Reproduce exactly the line with "Kayak Going Over" and every line that follows it below, up to and including the last one. Do not include pictures or anything else.
[Opening MATERIAL SHOWN section]
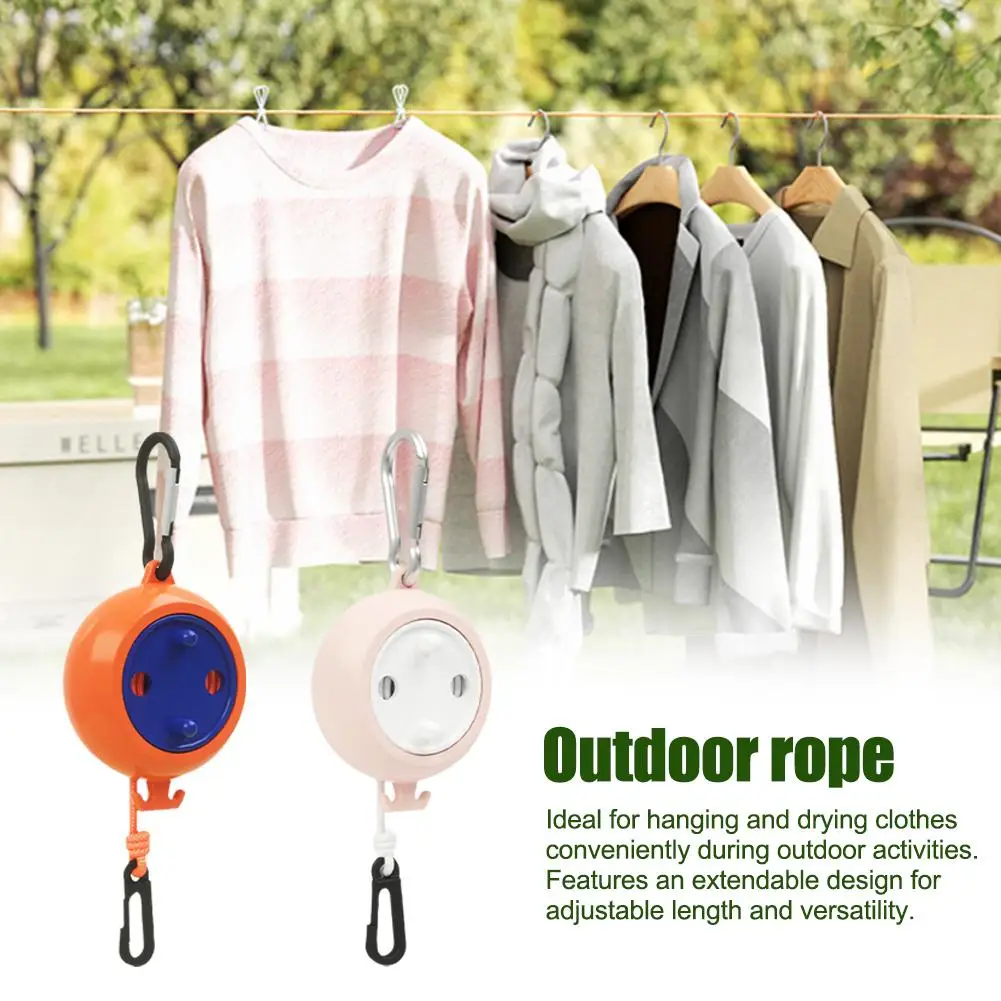 Retractable Clothes Drying Rack Rope Outdoor Portable Clothesline Storage Clothing Line For Laundry Drying Line Camping Q4u1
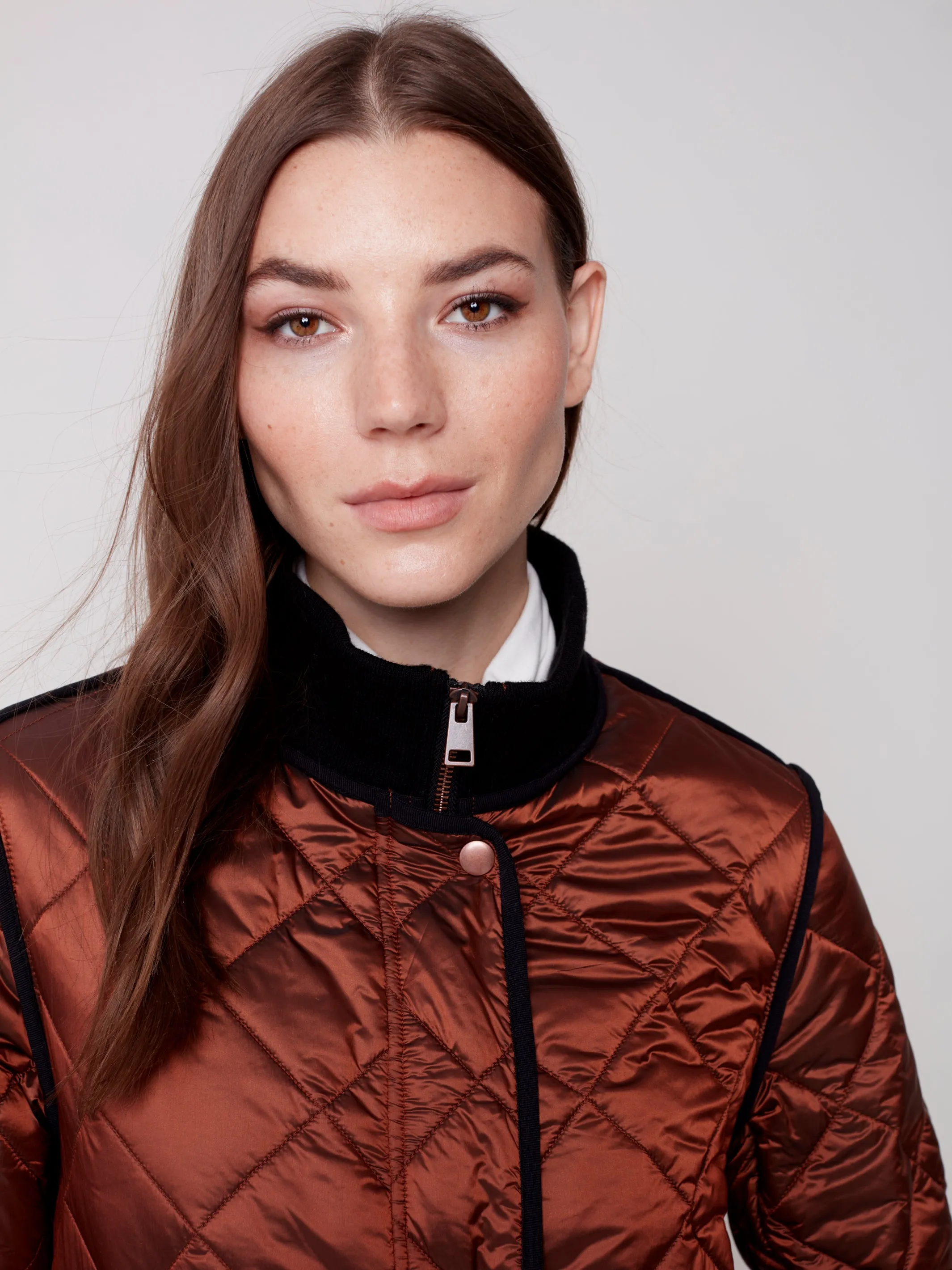 Charlie B Fall 2023-C6253-135B- Quilted Jacket-Cinnamon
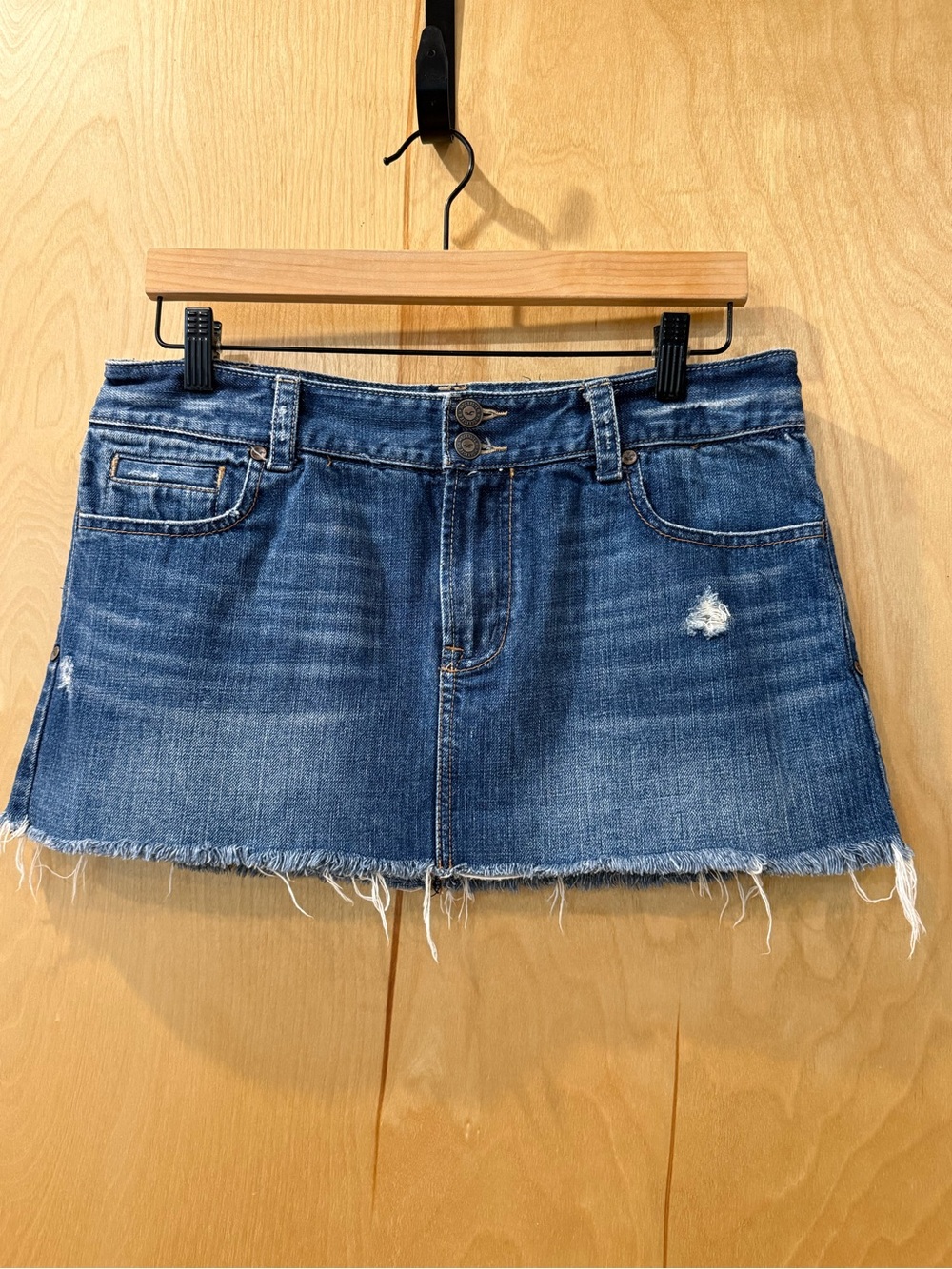 Hollister Distressed western Blue Denim Mini Skirt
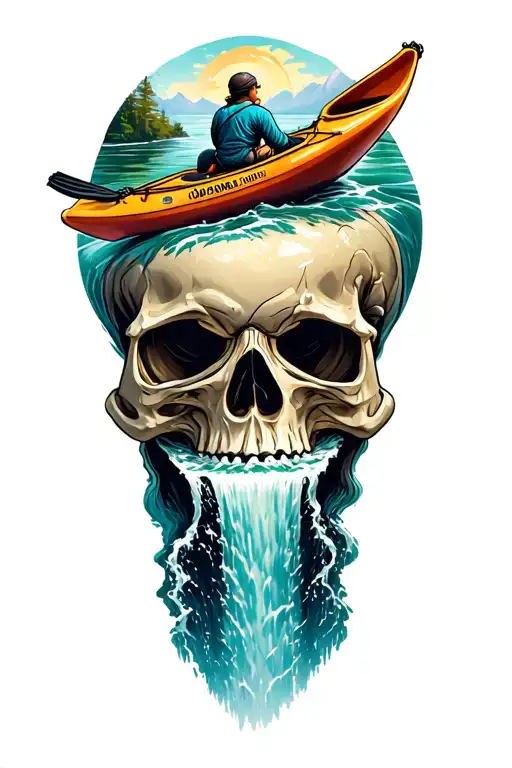 Kayak Going Over A Waterfall Shaped Like A Skull
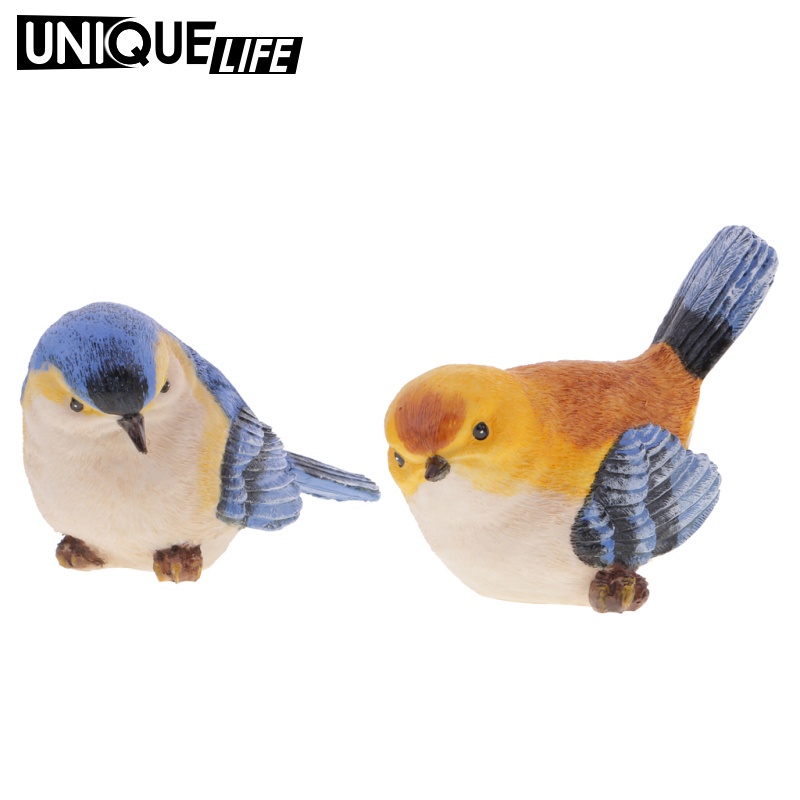 Set 2 Mô Hình Chim Bằng Nhựa Resin Màu Xanh Dương & Cam Vẽ Tay Yoyoyo01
[Closing MATERIAL SHOWN section]
■ TASK ANSWER:
 Kayak Going Over A Waterfall Shaped Like A Skull
 Set 2 Mô Hình Chim Bằng Nhựa Resin Màu Xanh Dương & Cam Vẽ Tay Yoyoyo01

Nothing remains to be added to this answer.